Concise listings are below

Day 1

• ‘Judiciary and the common Man’ with Afrasiab Khattak and Bushra Gohar

• Heritage and social mobilization in post-conflict reality by Zulfiqar Ali Kalhoro and Elisa Lori

• Prison Narratives, a book by Akhtar Baloch.

• Mohammad Hanif discussed the burden of a translator for searching appropriate words while writing.

Day 2

• “Preparing the Citizens of Tomorrow: Are we Succeeding or Failing?” an education-critical session by Fasi Zaka and others.

• ‘Lost Heritage: The Sikh Legacy in Pakistan’ with Reema Abbasi, author Amardeep Singh and columnist F.S. Aijazuddin.

• Session: “Where has all the Water gone?” with experts Nisar A. Memon, Kaiser Bengali, and Aaron Mulvany.

• A Performance by Nimra Bucha and Sarmad Khoosat on readings from Amrita Pritam and Sahir Ludhianvi’s poetry

• “Gender Violence, Law, and Power in Pakistan – Feminists’ struggle for justice and equal rights” with Nafisa Shah, Sherry Rehman, and Ijaz Shafi Gilani

• ‘Rail Kahaani’ by Zambeel was a reading out session of short stories of railway journeys written by different authors, presented by Asma Mundrawala, Saife Hasan, and Fawad Khan

• “Mohabbat aur Dehshat Gardi: Aaj ka Urdu Adab” with Hameed Shahid, Irfan Urfi, and Ravish Nadim.

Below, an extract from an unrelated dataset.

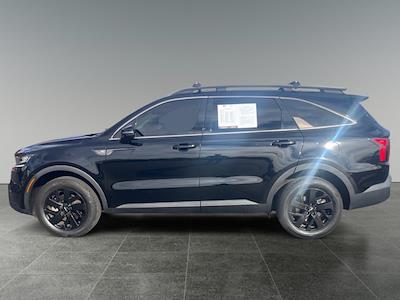 2022 Kia Sorento AWD SUV for sale #105193U - photo 2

• AWAZ program presented a special session “Women and Excluded Groups in Political Parties and Legislative Bodies” with Marvi Sirmed, Zafarullah Khan, and Bushra Gohar
• “English Poetry: The International Muse” with Blaine Marchand, Harris Khalique, Waqas Khwaja, Azka Khan, and Orooj e Zafar.

Several new books including Pakistan ki Tehzeeb o Saqafat by Kishwar Naheed, Learning to Live with the Bomb: Pakistan: 1998–2016 by Naeem Salik, The Arts and Crafts of Hunza Valley in Pakistan: Living Traditions in the Karakoram by Jurgen Wasim Frembgen were launched among many others.

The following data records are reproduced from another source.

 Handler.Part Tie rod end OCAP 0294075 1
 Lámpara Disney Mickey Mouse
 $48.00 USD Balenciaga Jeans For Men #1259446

A Mushaira was also held in the evening with leading poets from all over Pakistan

Day 3

• ‘Uljhay Suljhay’ by Anwar Maqsood with Imrana Maqsood and Sarmad Khoosat – a complete housefull

• “Kashmir: Two Sides to a Question The future of a dispute: Is a solution possible?” with President Azad Kashmir, Sardar Masood Khan A.G. Noorani and Riaz H. Khokhar

• “Can politicians and media be on the same side” with Nasim Zehra and Sherry Rehman

• “Murder between the covers: Crime Fiction” by writers Omar Shahid Hamid, and Sabyn Javeri
• “Social Media – New strategies for creativity and change” discussion with Adnan Khan Kakar and Leena Hashir
• Ismat Chughtai “Kaghazi Hai Pairahan” and short stories ‘Chirri ki Dukki’ and ‘Amar Bail’ had the audience fighting for space

• ‘70 Years of Pakistan: A Reflection on Pakistan’s History’ with Sayeed Hasan Khan and Ishrat Husain

• Session ‘Will Technology Influence Music?’ featured Noori’s Ali Noor, Rakae Jamil, Masuma Anwar, Akbar Yezdani and moderator Taimur Rahman.

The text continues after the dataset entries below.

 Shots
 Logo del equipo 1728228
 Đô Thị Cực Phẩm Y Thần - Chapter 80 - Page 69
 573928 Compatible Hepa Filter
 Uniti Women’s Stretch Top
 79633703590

• Nimra Bucha moderated a session “Small Screen Intimacy and Big Screen Splendour” along with participants Samina Ahmed, Rehan Sheikh, Seema Taher Khan, and Sultana Siddiqui.

• One-man mushaira conducted by Syed Nusrat Ali, an unassuming management consultant and motivational speaker stole the show on the final day of ILF.

• More book launches: Intikhab: Khalida Hussain, Teesra Qadam by Nasira Zuberi, Kalaam e Aarifaan by Hasan Aziz and many others.

The closing ceremony has concluding speeches from the organizing committee and a dance performance in tribute to Mashal Khan by Shayma Saiyid.

It’s hoped that those who attended the festival or were watching it live through any medium, would have added something beneficial to their knowledge and would have found their thoughts progressed and viewpoints altered for the better.  Such literary events surely do not leave anyone unaffected.